Object and Economy in Medieval Winchester
Over six thousand objects were recovered during the Winchester excavations of 1961 to 1971 – by far the most extensive corpus of stratified and datable medieval objects yet presented from a single city. Martin Biddle and the team of eighty-three contributors assembled by the Winchester Research Unit have used this material to investigate not only the industries and arts, but the economic, cultural, and social life of medieval Winchester. Their findings are being published in two parts: the first part, by Katherine Barclay, will deal with the pottery remains; and this second part in two volumes by Martin Biddle covers all the objects from the finest products of the Anglo-Saxon goldsmith’s skill to the iron tenter-hooks of the cloth industry. Martin Biddle’s study of the objects identifies change through time, and traces variation across the broad social scale – from cottage to palace – represented in the excavated sites. Using the objects as evidence for the economy of the medieval city, it also throws new light on some of the great questions of medieval industry and artistic production: amongst them the development of the textile industry, the origins of wire-drawing and the manufacture of pins, the beginnings of window-glass production, and the earliest glass painting.
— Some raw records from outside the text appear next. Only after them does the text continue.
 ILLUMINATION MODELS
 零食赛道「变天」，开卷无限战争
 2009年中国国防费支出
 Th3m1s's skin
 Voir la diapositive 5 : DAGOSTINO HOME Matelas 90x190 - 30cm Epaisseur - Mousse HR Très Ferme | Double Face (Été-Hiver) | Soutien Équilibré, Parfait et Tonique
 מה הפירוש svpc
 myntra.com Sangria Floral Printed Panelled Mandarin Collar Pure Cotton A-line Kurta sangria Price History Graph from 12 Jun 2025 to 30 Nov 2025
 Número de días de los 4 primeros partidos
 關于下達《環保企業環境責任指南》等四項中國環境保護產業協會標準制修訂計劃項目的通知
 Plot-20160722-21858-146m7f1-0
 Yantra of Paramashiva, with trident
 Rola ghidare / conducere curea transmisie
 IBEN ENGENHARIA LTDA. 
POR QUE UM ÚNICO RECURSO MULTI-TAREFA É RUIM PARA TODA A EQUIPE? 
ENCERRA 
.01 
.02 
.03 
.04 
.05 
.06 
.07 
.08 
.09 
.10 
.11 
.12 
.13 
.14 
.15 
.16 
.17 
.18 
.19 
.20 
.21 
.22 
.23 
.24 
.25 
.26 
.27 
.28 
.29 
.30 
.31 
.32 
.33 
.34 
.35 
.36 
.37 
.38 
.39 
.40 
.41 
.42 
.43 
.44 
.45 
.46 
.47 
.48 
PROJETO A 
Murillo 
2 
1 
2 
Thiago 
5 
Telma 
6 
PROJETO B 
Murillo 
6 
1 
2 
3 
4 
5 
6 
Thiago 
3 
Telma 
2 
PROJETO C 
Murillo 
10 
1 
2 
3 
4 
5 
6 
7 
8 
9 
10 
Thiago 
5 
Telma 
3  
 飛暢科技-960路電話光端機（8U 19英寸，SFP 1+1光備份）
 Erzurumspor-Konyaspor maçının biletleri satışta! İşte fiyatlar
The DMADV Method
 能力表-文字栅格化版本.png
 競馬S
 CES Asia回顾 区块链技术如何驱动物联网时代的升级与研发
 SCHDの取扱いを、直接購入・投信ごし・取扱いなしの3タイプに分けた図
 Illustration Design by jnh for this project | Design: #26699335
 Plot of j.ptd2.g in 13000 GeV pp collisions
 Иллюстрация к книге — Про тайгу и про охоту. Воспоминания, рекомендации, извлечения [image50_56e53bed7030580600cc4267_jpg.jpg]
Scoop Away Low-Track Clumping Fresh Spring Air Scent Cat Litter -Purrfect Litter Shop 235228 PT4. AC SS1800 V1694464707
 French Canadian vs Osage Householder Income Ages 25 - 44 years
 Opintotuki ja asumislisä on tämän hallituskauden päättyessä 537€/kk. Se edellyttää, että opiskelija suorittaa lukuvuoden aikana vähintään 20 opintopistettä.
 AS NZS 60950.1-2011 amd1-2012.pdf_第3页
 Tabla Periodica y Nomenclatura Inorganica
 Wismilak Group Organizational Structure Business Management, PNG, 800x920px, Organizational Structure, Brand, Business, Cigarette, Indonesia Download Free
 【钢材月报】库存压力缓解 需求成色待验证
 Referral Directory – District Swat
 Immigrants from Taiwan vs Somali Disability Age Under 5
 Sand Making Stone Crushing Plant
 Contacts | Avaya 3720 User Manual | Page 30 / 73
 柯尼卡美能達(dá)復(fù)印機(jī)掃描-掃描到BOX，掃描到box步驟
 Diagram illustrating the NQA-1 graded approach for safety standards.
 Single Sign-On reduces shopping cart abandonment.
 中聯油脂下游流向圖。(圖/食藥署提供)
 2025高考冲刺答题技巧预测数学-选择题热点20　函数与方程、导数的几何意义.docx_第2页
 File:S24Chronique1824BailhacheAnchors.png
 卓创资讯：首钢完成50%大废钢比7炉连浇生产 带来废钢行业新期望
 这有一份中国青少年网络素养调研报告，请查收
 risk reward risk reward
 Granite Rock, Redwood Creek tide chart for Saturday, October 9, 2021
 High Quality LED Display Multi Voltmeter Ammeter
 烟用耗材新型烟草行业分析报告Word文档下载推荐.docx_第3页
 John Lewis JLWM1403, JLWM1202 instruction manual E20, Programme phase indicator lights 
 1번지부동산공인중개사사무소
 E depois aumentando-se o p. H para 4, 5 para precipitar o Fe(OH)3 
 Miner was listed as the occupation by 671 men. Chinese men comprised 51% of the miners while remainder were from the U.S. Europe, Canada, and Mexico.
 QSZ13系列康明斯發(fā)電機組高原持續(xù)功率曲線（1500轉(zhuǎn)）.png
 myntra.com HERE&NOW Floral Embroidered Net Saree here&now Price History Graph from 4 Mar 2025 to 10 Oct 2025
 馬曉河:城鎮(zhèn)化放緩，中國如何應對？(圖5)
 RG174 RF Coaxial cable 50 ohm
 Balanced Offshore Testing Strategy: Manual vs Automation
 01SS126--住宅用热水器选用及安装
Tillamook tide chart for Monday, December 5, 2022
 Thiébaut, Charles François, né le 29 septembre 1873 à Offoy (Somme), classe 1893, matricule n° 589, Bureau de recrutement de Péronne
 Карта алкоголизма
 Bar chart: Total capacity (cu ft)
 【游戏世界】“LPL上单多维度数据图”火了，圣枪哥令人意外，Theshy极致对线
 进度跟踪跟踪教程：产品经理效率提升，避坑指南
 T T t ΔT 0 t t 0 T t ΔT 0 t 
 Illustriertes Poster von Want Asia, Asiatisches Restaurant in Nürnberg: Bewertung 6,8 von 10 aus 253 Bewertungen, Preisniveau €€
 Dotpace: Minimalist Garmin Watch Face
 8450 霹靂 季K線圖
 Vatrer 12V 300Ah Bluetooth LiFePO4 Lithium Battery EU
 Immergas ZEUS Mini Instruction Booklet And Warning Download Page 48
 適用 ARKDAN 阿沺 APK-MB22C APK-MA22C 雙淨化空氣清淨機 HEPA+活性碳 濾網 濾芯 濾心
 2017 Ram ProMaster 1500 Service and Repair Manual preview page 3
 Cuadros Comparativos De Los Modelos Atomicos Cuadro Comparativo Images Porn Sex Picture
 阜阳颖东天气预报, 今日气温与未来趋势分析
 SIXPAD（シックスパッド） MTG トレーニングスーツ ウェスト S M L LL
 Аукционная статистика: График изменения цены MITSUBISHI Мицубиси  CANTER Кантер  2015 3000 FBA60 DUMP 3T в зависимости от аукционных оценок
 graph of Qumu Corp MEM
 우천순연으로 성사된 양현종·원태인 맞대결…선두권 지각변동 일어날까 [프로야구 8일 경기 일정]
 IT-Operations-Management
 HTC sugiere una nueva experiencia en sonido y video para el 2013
These objects are an essential part of the evidence for the development and changing character of the excavated sites to be published in forthcoming volumes of Winchester Studies on the Minsters. To ensure complete integration between the objects and the sites, every object in this volume is related to the context in which it was found and a concordance provides a detailed conspectus phase by phase of each of the twenty sites excavated between 1961-71, and of the objects found in each phase.